東京商工リサーチによると、2024年に「早期・希望退職」を実施した上場企業は57社(募集人員は約1万人)でした。これは前年比3倍超と、早期・希望退職を促す企業が増えていることがわかります。そんななか、自ら進んで早期退職した会社員の水戸さん(仮名・55歳)の事例をもとに、早期リタイア後に潜む「思わぬ落とし穴」のリスクとその対策をみていきましょう。辻本剛士CFPが解説します。
(※写真はイメージです/PIXTA)
俺より金ないくせに…退職金3,000万円に飛びつき早期退職した55歳男性「資産1億円」も心から笑えない→1年後、元同僚に「もう一度働かせてください」と頭を下げたワケ【CFPの助言】
人事「再雇用は受け入れられません」…水戸さんのその後
水戸さんは、人事担当に連絡をとったあと、元同僚にも直接頭を下げて再雇用を願い出ましたが、会社からの答えは「受け入れられない」というものでした。
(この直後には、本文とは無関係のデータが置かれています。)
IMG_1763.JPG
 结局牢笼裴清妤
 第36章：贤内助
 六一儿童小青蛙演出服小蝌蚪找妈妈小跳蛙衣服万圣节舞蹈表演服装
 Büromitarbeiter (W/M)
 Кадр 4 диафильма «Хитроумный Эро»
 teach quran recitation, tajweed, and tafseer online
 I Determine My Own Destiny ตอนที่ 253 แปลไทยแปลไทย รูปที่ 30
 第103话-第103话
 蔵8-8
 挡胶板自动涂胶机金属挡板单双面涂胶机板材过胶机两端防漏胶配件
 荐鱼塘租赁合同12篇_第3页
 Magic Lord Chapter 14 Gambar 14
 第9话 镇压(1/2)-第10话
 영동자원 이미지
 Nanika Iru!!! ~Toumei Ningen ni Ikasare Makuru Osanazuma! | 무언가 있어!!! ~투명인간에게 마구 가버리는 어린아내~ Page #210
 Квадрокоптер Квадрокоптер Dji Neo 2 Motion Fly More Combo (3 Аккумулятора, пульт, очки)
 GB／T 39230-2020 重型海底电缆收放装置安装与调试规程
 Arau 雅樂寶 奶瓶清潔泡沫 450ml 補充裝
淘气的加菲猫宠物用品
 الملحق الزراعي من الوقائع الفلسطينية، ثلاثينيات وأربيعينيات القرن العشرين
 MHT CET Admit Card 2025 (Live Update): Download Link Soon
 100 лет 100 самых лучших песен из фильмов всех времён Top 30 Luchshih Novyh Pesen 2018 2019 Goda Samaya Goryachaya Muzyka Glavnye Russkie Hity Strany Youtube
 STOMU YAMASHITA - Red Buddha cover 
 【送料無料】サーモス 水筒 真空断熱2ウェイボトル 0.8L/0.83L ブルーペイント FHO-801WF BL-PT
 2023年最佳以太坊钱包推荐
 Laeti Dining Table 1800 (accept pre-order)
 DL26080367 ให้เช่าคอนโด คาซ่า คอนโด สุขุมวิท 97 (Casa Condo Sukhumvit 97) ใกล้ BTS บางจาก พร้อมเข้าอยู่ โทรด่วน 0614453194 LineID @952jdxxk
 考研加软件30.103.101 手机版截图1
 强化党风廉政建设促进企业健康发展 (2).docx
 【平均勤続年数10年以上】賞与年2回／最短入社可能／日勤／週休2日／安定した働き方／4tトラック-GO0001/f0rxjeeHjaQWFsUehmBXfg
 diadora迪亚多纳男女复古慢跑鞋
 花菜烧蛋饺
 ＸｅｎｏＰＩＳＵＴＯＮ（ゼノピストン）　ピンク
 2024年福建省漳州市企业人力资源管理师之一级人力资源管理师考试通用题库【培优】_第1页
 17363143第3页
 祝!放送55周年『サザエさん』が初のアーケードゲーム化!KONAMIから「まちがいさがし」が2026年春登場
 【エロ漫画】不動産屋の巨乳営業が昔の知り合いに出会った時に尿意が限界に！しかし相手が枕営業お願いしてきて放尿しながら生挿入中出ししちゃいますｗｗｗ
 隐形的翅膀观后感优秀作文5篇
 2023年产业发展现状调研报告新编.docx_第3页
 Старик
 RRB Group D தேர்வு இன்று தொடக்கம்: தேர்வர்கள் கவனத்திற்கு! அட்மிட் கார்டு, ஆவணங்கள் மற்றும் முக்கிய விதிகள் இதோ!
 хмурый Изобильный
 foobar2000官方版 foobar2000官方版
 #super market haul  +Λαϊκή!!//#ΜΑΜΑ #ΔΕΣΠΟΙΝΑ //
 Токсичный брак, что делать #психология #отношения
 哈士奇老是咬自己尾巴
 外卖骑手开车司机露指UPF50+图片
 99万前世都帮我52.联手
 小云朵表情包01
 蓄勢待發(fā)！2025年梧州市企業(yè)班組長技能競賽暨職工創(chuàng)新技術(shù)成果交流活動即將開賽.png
資産は十分にあるため生活に困ることはありませんでしたが、「お金ではなく社会とつながりたい」という思いは日に日に強くなっていきます。
そんな折、地域の広報紙でボランティア活動の説明会があることを知りました。水戸さんはこれに参加し、地域のお祭りの運営や、こども食堂での手伝い、ゴミ拾いなど身近な活動に顔を出すようになりました。
はじめは慣れない作業に戸惑うこともありましたが、しだいに顔見知りが増え、感謝の言葉をかけられるたびに、胸のなかに充実感が広がっていきました。早期リタイア後には感じられなかった人との温かいつながりが、いまの水戸さんの支えになっています。
資産を守り育てることに加え、社会との関わりを持ち続けることが、本当の意味での豊かさにつながるのだと実感した水戸さんでした。